It is no overstatement to say that financial markets have delivered a “devastating judgement” on Kwasi Kwarteng’s tax-cutting mini-Budget, says Adam Tooze in The Guardian. The pound has collapsed to “historic lows”, and investors have sold off UK government debt, driving the price of bonds down and the effective interest rate up at a pace “not seen since the currency crises of the 1950s”. It’s hard not to read this as a “comprehensive loss of confidence” in the pound and UK assets.
Yet despite a clear signal that financial markets don’t buy his “doomed experiment”, the Chancellor has promised even more tax cuts. What is Kwarteng really up to? “The answer is public spending cuts.” US Republicans call it “starving the beast” – cutting taxes so drastically you create an “irresistible pressure” to shrink the size of the state. George Osborne used an imaginary panic in the bond markets to justify austerity in 2010; today UK bonds really are considered riskier than those issued by Europe’s traditional economic basket cases, Italy and Greece. Truss and Kwarteng may not have thought the markets would respond to their plans with such alarm. But we should certainly expect them to use the crisis they have created to further their “misbegotten vision of a small-state revolution”.

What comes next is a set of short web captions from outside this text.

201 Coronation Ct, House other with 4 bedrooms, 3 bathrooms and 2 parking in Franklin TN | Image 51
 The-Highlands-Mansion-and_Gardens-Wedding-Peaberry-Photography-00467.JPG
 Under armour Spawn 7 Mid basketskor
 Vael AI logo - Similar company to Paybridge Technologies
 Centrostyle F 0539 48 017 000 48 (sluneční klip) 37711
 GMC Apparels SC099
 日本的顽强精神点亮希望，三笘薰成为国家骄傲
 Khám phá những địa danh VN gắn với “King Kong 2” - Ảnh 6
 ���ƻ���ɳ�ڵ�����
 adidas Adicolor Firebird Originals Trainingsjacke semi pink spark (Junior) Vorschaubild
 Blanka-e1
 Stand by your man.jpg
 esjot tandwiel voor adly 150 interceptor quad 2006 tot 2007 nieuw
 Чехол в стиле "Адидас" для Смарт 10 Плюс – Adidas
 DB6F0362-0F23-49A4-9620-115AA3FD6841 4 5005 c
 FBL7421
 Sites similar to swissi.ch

📈📉 “It’s a bird! It’s a plane! No, it’s a genuine economic debate in a Western democracy,” says The Wall Street Journal. Whatever you think of the government’s plans, British voters do at least have a proper choice in the next election. On one side are “pro-investment, pro-growth” Tories; on the other, Starmer’s Labour party, which is “doubling down on subsidies for green energy” and pushing huge green infrastructure projects in the hope of boosting economic activity. “The differences between the parties haven’t been this clear for years.”